___ Dataset ___
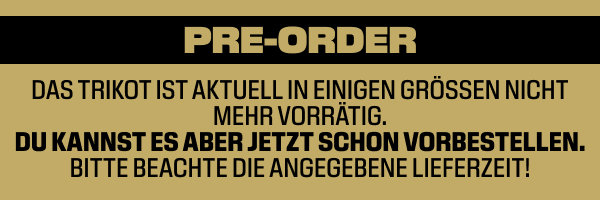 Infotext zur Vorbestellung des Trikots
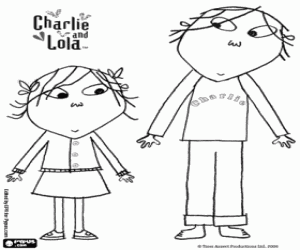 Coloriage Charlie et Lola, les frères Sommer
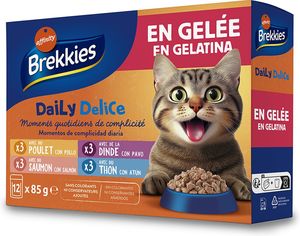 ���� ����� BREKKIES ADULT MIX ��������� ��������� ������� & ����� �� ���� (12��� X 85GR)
___
___ Dataset ___
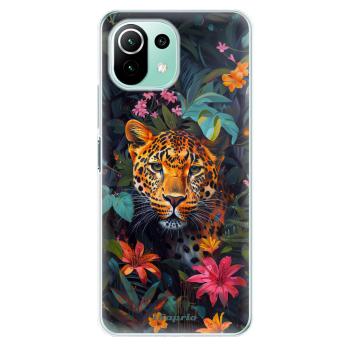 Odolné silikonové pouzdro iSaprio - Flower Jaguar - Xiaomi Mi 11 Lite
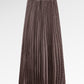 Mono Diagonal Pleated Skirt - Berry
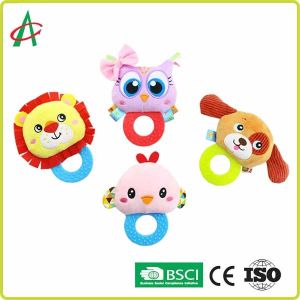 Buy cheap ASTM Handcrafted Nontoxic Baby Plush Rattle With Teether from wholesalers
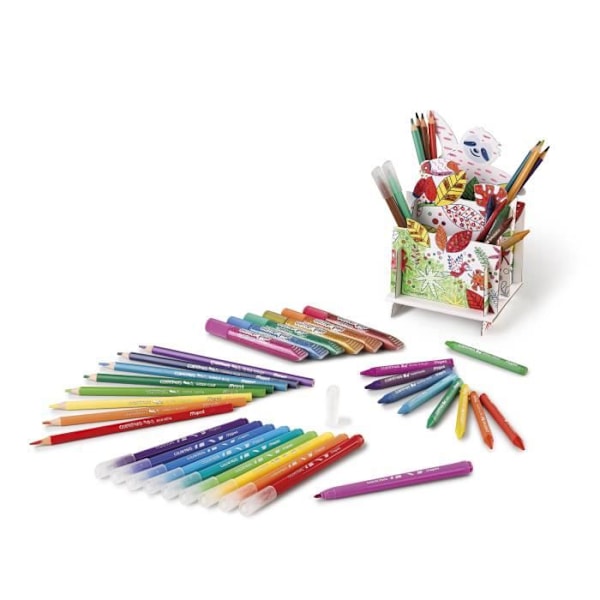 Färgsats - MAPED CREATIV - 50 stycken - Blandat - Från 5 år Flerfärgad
___
___ Dataset ___
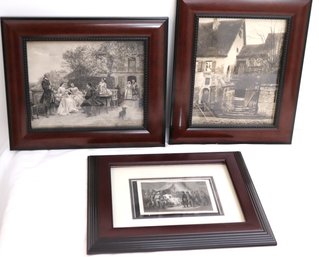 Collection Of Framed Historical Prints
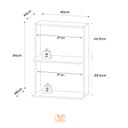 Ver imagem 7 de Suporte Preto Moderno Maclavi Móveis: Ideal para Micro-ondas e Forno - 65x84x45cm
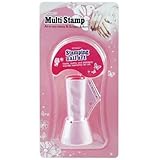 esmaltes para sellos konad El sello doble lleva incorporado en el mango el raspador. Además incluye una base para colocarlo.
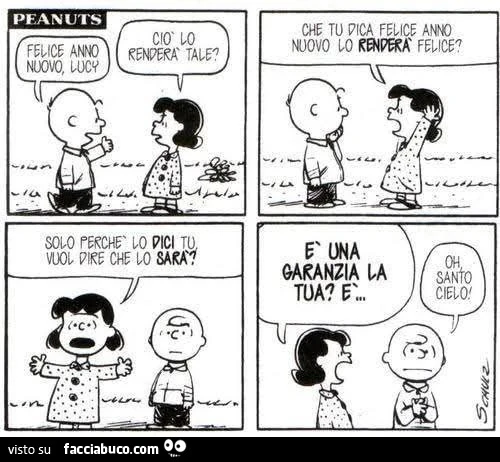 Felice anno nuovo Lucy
___
Your copy should hold the lines from the one with "esmaltes para sellos" up to and including the one with "Felice anno nuovo Lucy", exactly as in the data above, and no pictures.

## Written reply
 esmaltes para sellos konad El sello doble lleva incorporado en el mango el raspador. Además incluye una base para colocarlo.
 Felice anno nuovo Lucy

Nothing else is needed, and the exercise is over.